Tehran, Purna Warta – Wakil Panglima Tertinggi Korps Garda Revolusi Islam (IRGC) menyatakan bahwa kesyahidan Melina Asadi yang berusia 3 tahun dalam kerusuhan teroris baru-baru ini merupakan bukti kejahatan rezim Zionis dan Amerika Serikat terhadap rakyat Iran.
Jenderal Ahmad Vahidi menyampaikan pernyataan tersebut saat melakukan kunjungan ke Provinsi Kermanshah, di mana ia bertemu dengan keluarga balita yang kehilangan nyawanya dalam kerusuhan terbaru.
Sambil memuji keteguhan keluarga Asadi, Jenderal Vahidi mengatakan bahwa ketabahan mereka mencerminkan daya tahan bangsa Iran secara keseluruhan.
“Kalian adalah contoh rakyat Iran yang berdiri dengan penuh wibawa,” ujar Vahidi dalam kunjungan tersebut. “Keteguhan ini adalah bukti ketidakbersalahan bangsa kita. Hal ini menunjukkan kedalaman kebencian yang disimpan oleh musuh-musuh global, hingga mereka menargetkan anak-anak kecil seperti Melina tercinta kita yang baru berusia tiga tahun.”
Melina Asadi gugur sebagai syahid pada 8 Januari dalam gelombang kerusuhan teroris yang didukung AS dan Israel di seluruh negeri.
Pada awal Januari, Trump mengancam Iran dengan serangan jika negara itu melukai apa yang ia sebut sebagai “para demonstran damai”. Namun, hanya beberapa hari kemudian, pada 8 dan 9 Januari, kelompok-kelompok bersenjata melancarkan serangan terkoordinasi terhadap kantor-kantor polisi, pangkalan militer, serta lokasi-lokasi sensitif lainnya, termasuk infrastruktur sipil, di sejumlah kota.
Pejabat Iran menyatakan bahwa serangan-serangan tersebut dirancang untuk menimbulkan korban massal dan mengguncang stabilitas pusat-pusat perkotaan di seluruh negeri.
Para pejabat juga berulang kali mengkritik media Barat karena menyebarkan angka korban yang keliru serta menyalahkan pemerintah Iran. Beberapa laporan Barat bahkan mengklaim hingga 30.000 kematian akibat apa yang mereka sebut sebagai “protes damai”.

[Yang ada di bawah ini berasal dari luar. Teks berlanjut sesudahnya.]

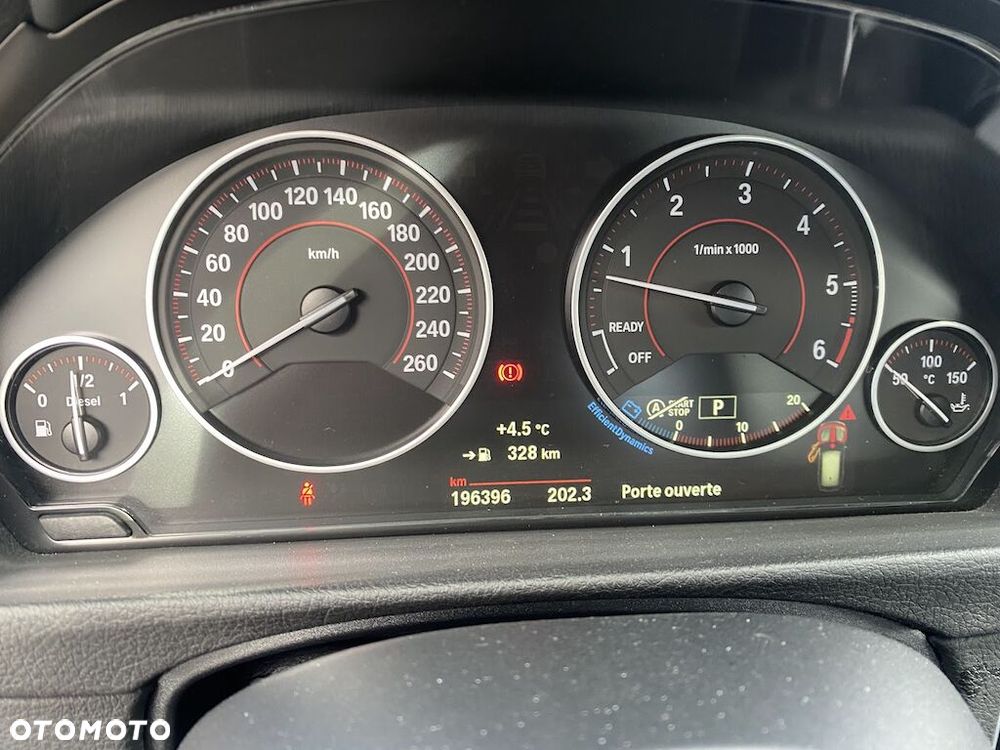 BMW Seria 3 330d Edition M Sport Shadow - 12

Namun, catatan resmi Iran menunjukkan bahwa 3.117 orang tewas dalam kerusuhan tersebut, termasuk 2.427 warga sipil dan personel keamanan, yang menurut Tehran dibunuh oleh para teroris.
‘Iran berutang kepada para syuhada’
Sang komandan juga bertemu dengan keluarga Sayyid Mojtaba Hosseini-Nasab, anggota unit pertahanan udara Pasukan Dirgantara IRGC, yang gugur sebagai syahid pada 14 Juni 2025 selama perang 12 hari.

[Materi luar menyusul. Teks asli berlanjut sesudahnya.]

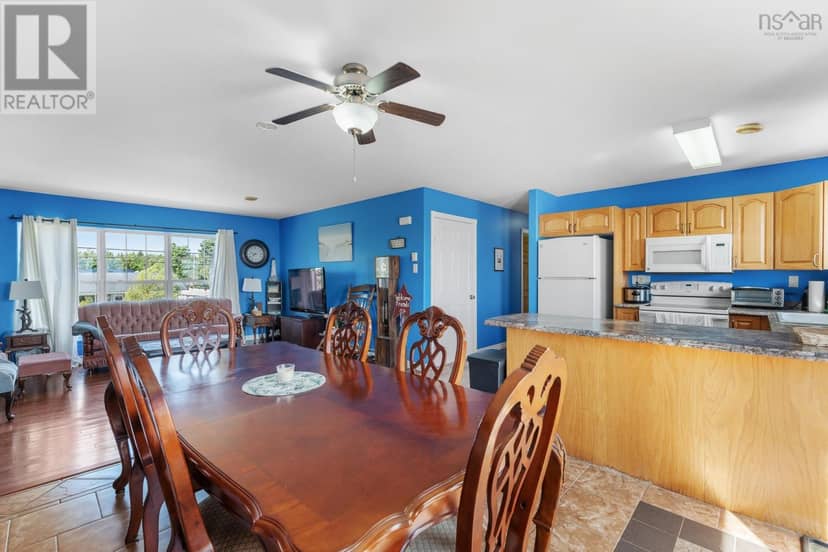 32 Evergreen Court — photo 14 of 40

Baca juga: Aksi Protes Nasional Merebak di Australia Menentang Kunjungan Presiden Israel Isaac Herzog
“Kewibawaan Republik Islam Iran hari ini berutang pada darah para syuhada kita,” tegas Vahidi. “Kisah-kisah keluarga para syuhada adalah cerita tentang iman, keteguhan, dan perlawanan rakyat Iran.”
Jenderal Vahidi mengatakan bahwa melayani keluarga para syuhada merupakan kewajiban sekaligus kehormatan bagi pimpinan militer.
Ia menambahkan bahwa Provinsi Kermanshah tetap menjadi garis depan pengabdian, karena baru-baru ini telah mempersembahkan 66 syahid dalam upaya mempertahankan negara.
Iran menjadi sasaran agresi mendadak Amerika Serikat dan Israel pada bulan Juni, yang menewaskan lebih dari seribu orang serta merusak infrastruktur militer, nuklir, sipil, dan ilmiah negara tersebut.